Community businesses and community shares are growing steadily, according to data collected for Civil Society News by Power to Change, the Big Lottery Fund endowment set up to support the community sector.
Data from the Community Shares Unit shows that in 2015, the last year for which there are complete records, £38m was raised through community share issues - up from £23m the previous year. Since 2009, the earliest year when there were a significant number of deals, £118m has been reported as being raised through community shares.
A community share involves members of the community investing small amounts to develop a community project such as a shop, pub of community energy scheme. It is usually done through an industrial and provident society or community benefit society, and many schemes are charities, although they are exempt from registration with the Charity Commission.

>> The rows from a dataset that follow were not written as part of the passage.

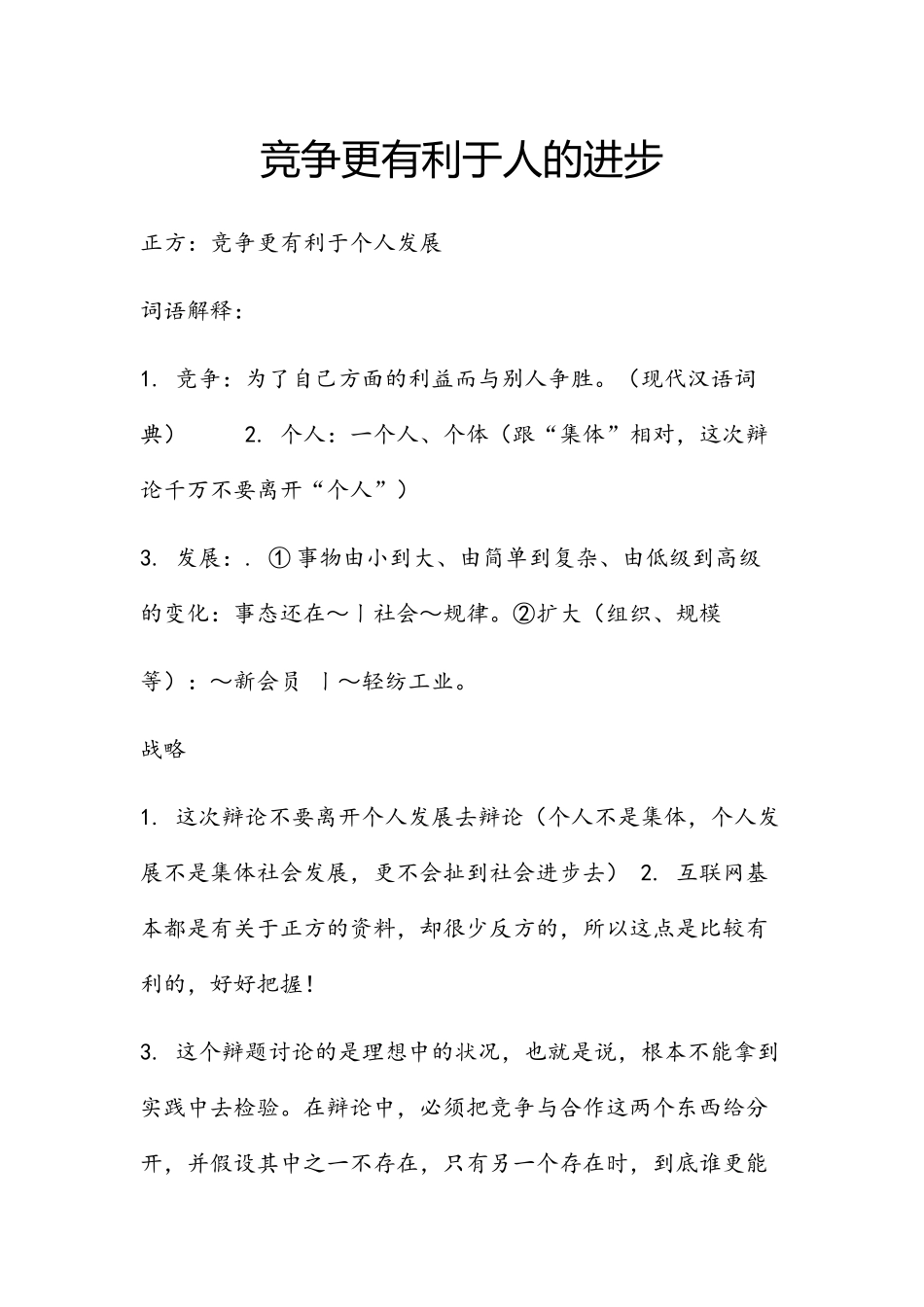 竞争更有利于人的进步_第1页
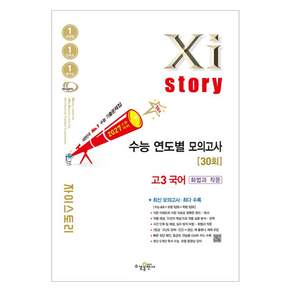 2027 수능대비 Xistory 자이스토리 연도별 모의고사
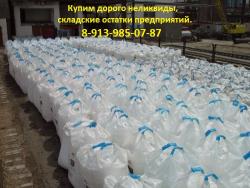 Покупаем катионит КУ 2-8 Н, катионит КУ 2-8 Na. Покупаем катионит КУ 2-8 Н, катионит КУ 2-8 Na.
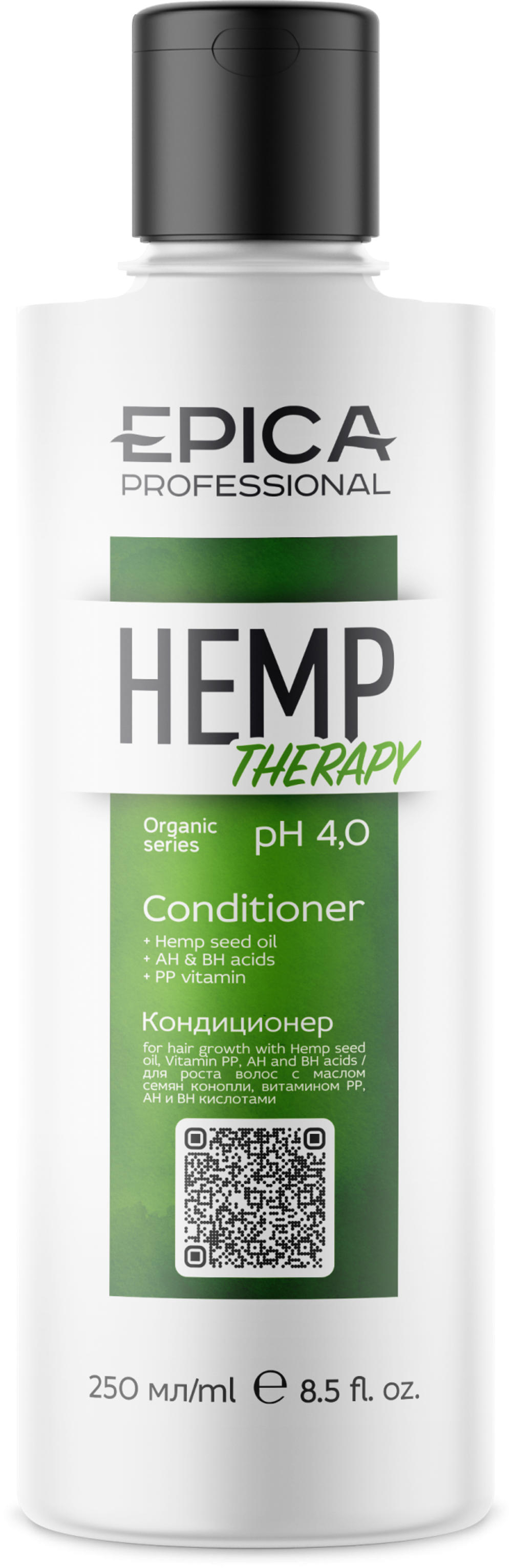 Кондиционер для волос Epica Professional Hemp Therapy 250 мл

The community shares market has shown steady growth since 2009, and has so far raised almost £120m for the sector.
Power to Change data also shows that community businesses – community-run organisations based around local assets and delivering social good – grew by 5 per cent last year and 9 per cent the year before.

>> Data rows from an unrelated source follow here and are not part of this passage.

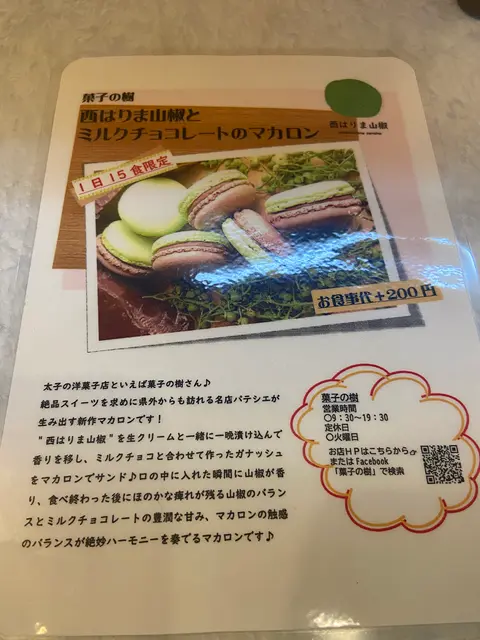 中華そば麦右衛門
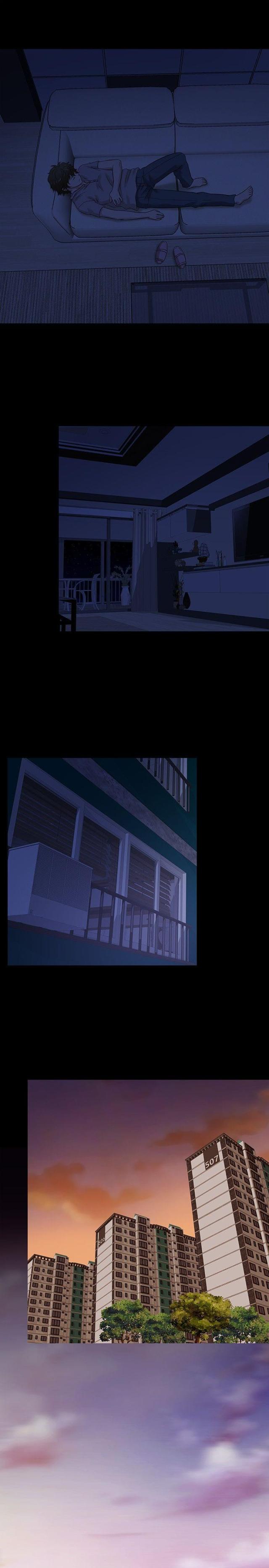 《任性前妻》第41话 第13页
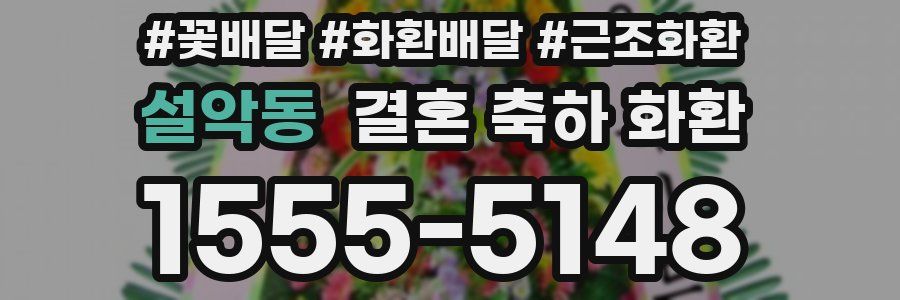 설악동 결혼 축하 화환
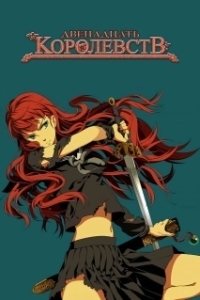 Постер 12 королевств (12 kokuki)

Power to Change estimates that in total, community businesses generate more than £1bn of income each year from £2.1bn of assets, employ over 36,000 staff and engage nearly 200,000 volunteers.
In Charity Finance
One of the key reasons for the growth of community shares and community business is that they allow local communities to protect valuable assets which have come under threat.
Power to Change projects that £1.4m will be raised through ten community shares schemes it has backed. It has a total of £150m to spend on growing the sector.